== Task to complete ==
In exact form, please repeat the records from their opening line down to the line with "RC cars and", including that line.

Web page caption snippets:
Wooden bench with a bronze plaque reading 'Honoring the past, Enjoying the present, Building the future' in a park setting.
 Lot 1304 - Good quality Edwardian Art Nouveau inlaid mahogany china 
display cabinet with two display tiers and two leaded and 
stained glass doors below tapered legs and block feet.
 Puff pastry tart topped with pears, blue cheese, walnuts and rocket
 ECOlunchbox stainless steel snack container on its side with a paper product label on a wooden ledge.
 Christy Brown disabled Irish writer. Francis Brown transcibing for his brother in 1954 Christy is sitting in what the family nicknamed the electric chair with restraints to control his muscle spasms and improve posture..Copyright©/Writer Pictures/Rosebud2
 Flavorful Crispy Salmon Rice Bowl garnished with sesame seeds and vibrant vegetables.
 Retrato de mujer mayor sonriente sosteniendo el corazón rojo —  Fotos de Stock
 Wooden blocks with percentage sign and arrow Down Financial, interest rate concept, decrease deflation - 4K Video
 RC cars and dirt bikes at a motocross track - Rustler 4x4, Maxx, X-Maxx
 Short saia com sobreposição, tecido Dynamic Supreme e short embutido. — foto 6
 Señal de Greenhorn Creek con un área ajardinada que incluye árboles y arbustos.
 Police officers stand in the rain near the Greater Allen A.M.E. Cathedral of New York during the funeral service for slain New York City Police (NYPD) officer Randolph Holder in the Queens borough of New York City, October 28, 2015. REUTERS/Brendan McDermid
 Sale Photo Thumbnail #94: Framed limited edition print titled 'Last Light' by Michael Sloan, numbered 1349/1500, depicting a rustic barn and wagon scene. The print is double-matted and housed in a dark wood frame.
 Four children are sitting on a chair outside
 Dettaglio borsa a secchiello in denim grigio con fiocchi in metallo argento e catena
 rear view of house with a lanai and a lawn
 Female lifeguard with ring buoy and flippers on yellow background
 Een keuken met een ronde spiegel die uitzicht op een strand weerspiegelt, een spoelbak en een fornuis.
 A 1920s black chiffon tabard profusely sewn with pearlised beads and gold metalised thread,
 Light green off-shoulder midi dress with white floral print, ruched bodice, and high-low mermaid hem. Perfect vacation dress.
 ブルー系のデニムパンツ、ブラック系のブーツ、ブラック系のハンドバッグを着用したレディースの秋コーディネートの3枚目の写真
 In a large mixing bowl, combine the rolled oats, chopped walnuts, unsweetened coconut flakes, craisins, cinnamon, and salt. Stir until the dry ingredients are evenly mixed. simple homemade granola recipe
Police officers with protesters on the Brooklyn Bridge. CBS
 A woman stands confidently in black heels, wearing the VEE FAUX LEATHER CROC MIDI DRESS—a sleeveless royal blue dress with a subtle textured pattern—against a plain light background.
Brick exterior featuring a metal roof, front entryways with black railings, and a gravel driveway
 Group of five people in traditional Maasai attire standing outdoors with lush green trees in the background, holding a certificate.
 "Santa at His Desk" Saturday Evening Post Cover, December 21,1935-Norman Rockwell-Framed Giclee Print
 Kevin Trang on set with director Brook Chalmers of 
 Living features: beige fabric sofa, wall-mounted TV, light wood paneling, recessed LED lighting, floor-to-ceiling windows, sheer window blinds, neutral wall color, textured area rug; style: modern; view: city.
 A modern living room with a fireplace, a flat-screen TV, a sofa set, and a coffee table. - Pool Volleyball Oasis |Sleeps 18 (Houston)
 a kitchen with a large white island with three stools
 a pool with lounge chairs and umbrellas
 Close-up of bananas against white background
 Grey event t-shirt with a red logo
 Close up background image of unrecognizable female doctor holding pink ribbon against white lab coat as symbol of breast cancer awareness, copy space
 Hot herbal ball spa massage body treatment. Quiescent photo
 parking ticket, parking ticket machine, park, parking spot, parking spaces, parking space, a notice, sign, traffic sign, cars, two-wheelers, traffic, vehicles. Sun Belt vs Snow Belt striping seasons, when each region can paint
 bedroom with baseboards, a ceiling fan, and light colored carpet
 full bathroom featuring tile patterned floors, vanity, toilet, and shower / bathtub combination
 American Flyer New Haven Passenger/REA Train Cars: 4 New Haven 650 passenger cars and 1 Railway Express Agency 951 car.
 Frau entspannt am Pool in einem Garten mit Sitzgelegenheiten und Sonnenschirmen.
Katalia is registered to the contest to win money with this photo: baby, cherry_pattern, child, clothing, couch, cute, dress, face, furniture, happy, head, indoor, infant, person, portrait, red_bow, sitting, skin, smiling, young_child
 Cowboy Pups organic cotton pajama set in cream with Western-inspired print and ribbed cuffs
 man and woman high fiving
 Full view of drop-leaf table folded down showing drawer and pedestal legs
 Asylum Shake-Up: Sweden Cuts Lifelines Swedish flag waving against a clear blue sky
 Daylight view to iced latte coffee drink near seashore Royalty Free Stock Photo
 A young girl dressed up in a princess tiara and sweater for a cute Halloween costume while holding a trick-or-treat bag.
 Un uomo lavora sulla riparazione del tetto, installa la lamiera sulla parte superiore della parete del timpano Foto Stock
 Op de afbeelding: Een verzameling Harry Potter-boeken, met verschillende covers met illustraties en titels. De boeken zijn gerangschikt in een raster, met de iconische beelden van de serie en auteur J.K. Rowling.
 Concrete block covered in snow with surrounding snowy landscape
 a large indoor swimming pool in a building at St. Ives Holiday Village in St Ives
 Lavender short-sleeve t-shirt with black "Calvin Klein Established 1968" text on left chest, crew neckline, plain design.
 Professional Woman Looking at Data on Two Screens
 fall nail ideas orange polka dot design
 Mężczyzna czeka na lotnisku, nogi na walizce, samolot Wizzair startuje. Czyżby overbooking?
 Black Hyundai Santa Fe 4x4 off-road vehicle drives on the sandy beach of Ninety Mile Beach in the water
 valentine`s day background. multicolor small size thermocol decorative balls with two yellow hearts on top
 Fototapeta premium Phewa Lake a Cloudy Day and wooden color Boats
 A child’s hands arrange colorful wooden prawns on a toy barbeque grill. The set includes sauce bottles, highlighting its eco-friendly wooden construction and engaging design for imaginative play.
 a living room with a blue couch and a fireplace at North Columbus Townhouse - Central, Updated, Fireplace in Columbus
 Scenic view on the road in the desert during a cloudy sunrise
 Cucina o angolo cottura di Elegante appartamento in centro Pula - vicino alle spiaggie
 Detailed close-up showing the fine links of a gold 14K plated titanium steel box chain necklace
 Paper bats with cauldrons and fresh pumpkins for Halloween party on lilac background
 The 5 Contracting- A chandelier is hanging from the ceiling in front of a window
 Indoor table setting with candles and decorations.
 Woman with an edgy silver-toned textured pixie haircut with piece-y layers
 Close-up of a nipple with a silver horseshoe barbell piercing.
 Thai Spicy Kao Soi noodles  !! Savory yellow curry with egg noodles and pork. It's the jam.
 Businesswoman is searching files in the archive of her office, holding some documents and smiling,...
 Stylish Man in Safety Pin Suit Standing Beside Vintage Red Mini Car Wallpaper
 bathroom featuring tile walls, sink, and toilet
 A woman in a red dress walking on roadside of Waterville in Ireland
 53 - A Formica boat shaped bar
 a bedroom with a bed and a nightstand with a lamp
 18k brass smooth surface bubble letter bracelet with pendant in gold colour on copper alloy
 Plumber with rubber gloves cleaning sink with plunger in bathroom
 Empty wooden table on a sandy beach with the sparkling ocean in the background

== Task output ==
Wooden bench with a bronze plaque reading 'Honoring the past, Enjoying the present, Building the future' in a park setting.
 Lot 1304 - Good quality Edwardian Art Nouveau inlaid mahogany china 
display cabinet with two display tiers and two leaded and 
stained glass doors below tapered legs and block feet.
 Puff pastry tart topped with pears, blue cheese, walnuts and rocket
 ECOlunchbox stainless steel snack container on its side with a paper product label on a wooden ledge.
 Christy Brown disabled Irish writer. Francis Brown transcibing for his brother in 1954 Christy is sitting in what the family nicknamed the electric chair with restraints to control his muscle spasms and improve posture..Copyright©/Writer Pictures/Rosebud2
 Flavorful Crispy Salmon Rice Bowl garnished with sesame seeds and vibrant vegetables.
 Retrato de mujer mayor sonriente sosteniendo el corazón rojo —  Fotos de Stock
 Wooden blocks with percentage sign and arrow Down Financial, interest rate concept, decrease deflation - 4K Video
 RC cars and dirt bikes at a motocross track - Rustler 4x4, Maxx, X-Maxx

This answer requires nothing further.